* YOUR ASSIGNMENT *
What you return must be an exact copy of the lines in the listing below between the line holding "Close up of" and the line holding "blurred image of", inclusive, and nothing more.

* PROVIDED MATERIAL *
"""
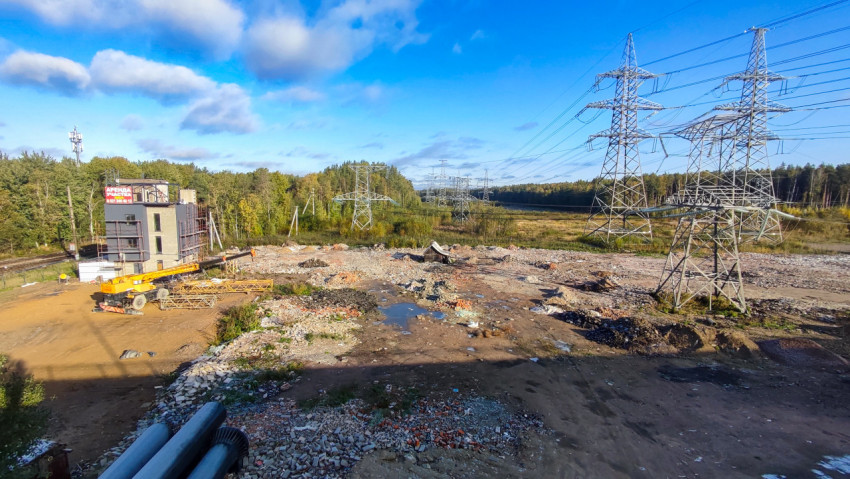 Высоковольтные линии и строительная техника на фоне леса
"""
"""
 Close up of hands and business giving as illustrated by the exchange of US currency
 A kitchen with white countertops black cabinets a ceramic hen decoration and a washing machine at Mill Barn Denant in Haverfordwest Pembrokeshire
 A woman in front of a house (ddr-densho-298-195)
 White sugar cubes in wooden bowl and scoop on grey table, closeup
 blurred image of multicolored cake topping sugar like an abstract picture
"""
* ANSWER BOX *
 Close up of hands and business giving as illustrated by the exchange of US currency
 A kitchen with white countertops black cabinets a ceramic hen decoration and a washing machine at Mill Barn Denant in Haverfordwest Pembrokeshire
 A woman in front of a house (ddr-densho-298-195)
 White sugar cubes in wooden bowl and scoop on grey table, closeup
 blurred image of multicolored cake topping sugar like an abstract picture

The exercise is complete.